- WHAT YOU WILL DO
Set down the lines below exactly as they stand, please. Go from the first through the one containing "Lentes de Sol Cuadrados".

- DATA SHOWN
----------------

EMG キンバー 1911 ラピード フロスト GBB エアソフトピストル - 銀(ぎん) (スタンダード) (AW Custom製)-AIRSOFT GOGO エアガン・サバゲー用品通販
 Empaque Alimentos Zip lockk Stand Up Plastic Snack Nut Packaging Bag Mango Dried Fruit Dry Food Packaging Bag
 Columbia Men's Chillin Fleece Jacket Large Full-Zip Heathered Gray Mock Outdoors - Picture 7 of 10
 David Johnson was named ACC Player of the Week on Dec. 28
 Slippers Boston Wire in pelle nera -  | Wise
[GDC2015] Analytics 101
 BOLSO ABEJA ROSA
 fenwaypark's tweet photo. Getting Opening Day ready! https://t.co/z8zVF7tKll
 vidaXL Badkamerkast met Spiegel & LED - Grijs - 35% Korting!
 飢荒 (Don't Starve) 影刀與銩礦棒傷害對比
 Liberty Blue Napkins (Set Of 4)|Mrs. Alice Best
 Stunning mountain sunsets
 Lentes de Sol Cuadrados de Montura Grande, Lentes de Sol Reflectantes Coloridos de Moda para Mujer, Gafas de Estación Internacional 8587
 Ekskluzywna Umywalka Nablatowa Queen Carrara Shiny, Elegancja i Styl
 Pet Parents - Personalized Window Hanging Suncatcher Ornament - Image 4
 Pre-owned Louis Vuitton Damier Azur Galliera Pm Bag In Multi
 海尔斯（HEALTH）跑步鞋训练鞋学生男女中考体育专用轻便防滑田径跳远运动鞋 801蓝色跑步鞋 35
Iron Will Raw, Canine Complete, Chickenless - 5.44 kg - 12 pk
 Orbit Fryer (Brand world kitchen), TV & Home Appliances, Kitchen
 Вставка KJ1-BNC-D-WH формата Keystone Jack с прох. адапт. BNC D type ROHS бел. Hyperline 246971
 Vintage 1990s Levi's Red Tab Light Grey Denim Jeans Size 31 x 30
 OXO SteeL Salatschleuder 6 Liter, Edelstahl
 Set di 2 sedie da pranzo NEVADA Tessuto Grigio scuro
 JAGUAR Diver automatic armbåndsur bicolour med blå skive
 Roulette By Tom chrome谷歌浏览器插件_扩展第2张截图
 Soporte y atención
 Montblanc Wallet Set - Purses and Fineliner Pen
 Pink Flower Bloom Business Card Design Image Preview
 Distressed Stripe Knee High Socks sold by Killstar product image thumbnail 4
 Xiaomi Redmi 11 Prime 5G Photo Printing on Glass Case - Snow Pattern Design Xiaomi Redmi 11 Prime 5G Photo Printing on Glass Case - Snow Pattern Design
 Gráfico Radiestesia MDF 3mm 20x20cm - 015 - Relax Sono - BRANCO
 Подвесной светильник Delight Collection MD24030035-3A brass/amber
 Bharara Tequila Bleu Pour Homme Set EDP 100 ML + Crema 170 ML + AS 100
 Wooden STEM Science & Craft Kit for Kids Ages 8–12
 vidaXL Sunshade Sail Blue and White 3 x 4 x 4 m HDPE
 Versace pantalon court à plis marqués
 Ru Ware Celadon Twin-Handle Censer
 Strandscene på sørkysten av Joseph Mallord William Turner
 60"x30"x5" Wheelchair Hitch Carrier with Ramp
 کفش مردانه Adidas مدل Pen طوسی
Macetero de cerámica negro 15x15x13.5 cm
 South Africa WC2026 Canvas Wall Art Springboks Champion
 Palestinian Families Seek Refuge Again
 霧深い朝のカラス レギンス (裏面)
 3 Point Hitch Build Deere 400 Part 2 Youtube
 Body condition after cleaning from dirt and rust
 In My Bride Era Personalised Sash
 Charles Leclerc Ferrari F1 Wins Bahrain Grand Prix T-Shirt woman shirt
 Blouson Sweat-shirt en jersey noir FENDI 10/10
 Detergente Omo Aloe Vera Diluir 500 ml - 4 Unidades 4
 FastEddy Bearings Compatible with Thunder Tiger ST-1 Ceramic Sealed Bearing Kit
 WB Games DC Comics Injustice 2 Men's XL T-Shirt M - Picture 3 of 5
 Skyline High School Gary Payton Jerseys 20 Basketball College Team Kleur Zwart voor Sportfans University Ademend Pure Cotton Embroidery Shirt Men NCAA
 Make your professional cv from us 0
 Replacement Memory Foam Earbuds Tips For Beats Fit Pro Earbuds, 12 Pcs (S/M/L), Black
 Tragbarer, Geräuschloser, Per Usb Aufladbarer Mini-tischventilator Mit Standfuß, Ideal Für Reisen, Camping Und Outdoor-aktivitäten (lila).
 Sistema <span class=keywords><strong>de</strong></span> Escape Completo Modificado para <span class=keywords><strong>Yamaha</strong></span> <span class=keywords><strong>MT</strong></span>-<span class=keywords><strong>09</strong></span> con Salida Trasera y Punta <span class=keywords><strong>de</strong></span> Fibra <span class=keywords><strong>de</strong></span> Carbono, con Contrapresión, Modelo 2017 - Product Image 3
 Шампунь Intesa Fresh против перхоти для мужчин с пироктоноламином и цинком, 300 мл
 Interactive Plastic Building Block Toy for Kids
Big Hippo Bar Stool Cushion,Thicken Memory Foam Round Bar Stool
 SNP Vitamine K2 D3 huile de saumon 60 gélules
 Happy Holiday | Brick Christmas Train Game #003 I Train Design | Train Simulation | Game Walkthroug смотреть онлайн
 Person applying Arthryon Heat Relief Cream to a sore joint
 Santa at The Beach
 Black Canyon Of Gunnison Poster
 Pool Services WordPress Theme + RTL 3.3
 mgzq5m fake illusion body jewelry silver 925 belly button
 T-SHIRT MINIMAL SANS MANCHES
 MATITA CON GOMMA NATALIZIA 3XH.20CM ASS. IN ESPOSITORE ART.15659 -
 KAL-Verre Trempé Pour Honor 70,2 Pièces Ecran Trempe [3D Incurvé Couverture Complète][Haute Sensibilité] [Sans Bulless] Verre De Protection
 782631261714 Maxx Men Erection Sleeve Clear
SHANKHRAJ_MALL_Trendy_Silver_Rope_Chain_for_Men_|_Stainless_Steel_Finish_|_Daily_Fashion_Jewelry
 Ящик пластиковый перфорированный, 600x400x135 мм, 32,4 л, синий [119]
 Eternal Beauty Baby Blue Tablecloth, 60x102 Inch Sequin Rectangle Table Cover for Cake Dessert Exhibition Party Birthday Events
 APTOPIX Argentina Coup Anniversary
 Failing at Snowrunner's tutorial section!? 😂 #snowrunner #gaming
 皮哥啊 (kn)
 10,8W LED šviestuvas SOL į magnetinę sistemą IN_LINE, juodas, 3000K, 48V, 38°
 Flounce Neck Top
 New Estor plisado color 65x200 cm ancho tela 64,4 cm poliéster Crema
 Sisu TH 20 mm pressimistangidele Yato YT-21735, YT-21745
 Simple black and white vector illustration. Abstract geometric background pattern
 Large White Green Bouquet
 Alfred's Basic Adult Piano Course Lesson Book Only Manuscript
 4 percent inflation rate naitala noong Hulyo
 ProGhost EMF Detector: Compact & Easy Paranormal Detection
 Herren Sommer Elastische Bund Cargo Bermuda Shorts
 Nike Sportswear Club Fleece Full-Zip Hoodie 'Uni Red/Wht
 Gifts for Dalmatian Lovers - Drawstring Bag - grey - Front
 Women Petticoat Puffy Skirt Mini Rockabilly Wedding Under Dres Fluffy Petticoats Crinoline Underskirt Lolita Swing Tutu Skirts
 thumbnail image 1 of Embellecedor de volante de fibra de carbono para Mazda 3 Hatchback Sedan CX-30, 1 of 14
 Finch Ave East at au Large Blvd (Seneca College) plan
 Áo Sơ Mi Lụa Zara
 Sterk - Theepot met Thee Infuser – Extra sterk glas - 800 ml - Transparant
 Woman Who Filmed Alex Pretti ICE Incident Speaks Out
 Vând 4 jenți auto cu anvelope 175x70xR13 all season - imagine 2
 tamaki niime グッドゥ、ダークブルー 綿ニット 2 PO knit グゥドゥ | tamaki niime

----------------

- SOLVED PROBLEM
EMG キンバー 1911 ラピード フロスト GBB エアソフトピストル - 銀(ぎん) (スタンダード) (AW Custom製)-AIRSOFT GOGO エアガン・サバゲー用品通販
 Empaque Alimentos Zip lockk Stand Up Plastic Snack Nut Packaging Bag Mango Dried Fruit Dry Food Packaging Bag
 Columbia Men's Chillin Fleece Jacket Large Full-Zip Heathered Gray Mock Outdoors - Picture 7 of 10
 David Johnson was named ACC Player of the Week on Dec. 28
 Slippers Boston Wire in pelle nera -  | Wise
[GDC2015] Analytics 101
 BOLSO ABEJA ROSA
 fenwaypark's tweet photo. Getting Opening Day ready! https://t.co/z8zVF7tKll
 vidaXL Badkamerkast met Spiegel & LED - Grijs - 35% Korting!
 飢荒 (Don't Starve) 影刀與銩礦棒傷害對比
 Liberty Blue Napkins (Set Of 4)|Mrs. Alice Best
 Stunning mountain sunsets
 Lentes de Sol Cuadrados de Montura Grande, Lentes de Sol Reflectantes Coloridos de Moda para Mujer, Gafas de Estación Internacional 8587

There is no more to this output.